:: Task instructions ::
Report every line of the entries that contains the word "Grade".

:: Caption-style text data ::
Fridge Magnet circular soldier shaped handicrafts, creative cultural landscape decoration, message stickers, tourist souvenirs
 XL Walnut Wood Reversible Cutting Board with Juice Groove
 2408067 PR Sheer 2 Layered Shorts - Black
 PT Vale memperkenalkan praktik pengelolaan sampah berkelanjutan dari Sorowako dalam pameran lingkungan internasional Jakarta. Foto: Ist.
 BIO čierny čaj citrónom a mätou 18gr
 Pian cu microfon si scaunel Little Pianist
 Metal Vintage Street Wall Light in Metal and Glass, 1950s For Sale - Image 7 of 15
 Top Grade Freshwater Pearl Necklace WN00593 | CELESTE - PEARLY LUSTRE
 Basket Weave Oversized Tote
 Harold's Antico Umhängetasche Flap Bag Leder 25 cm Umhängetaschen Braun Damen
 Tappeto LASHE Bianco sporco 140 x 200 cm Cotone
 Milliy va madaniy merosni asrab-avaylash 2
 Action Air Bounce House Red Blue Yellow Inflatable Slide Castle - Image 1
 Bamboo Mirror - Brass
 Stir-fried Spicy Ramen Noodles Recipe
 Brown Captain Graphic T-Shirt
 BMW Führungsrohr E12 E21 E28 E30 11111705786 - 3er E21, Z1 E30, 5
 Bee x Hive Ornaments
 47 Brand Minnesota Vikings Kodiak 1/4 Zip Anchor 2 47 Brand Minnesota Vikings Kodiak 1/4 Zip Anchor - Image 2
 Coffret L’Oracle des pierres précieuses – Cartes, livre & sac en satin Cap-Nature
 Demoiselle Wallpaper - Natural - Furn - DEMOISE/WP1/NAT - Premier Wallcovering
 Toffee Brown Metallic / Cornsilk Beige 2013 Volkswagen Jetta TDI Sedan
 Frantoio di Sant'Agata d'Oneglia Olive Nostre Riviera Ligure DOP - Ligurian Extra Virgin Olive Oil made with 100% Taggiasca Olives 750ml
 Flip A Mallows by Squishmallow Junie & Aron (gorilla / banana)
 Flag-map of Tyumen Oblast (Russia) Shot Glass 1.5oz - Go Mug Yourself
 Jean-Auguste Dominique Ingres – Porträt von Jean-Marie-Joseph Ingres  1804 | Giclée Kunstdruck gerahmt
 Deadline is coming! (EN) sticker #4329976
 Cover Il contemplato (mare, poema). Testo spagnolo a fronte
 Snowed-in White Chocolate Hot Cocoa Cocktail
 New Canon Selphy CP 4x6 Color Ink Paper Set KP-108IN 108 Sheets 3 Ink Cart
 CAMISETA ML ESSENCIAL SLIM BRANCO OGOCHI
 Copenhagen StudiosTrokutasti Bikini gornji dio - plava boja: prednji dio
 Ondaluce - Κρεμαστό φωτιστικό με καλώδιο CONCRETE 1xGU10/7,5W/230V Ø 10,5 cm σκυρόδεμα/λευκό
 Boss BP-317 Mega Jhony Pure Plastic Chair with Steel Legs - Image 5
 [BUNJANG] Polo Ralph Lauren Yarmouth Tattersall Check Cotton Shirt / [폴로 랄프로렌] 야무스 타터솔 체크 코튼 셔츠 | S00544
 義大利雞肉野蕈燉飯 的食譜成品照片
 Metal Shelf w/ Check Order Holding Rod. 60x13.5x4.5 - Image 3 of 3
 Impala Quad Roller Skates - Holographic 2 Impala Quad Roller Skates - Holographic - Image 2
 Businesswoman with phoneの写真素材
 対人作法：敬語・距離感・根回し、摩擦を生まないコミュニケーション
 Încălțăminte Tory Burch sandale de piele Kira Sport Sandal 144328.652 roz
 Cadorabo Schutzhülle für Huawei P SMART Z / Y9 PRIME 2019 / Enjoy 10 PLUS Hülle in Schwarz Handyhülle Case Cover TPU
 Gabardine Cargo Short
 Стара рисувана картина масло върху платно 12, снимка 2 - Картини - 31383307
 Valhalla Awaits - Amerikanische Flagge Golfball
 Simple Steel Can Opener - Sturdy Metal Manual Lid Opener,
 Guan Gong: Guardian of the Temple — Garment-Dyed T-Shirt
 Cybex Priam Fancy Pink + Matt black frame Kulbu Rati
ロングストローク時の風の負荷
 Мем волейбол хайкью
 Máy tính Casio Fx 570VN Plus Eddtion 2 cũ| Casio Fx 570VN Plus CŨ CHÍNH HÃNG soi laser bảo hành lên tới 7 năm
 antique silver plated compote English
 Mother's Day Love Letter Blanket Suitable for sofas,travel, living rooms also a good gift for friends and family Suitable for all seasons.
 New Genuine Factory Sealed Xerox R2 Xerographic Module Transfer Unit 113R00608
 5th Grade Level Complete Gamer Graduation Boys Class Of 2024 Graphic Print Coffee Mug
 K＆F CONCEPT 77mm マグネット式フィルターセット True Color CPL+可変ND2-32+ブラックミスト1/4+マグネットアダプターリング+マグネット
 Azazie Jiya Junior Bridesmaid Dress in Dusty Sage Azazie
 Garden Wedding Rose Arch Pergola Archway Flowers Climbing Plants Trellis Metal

:: Exercise answer ::
 Top Grade Freshwater Pearl Necklace WN00593 | CELESTE - PEARLY LUSTRE
 5th Grade Level Complete Gamer Graduation Boys Class Of 2024 Graphic Print Coffee Mug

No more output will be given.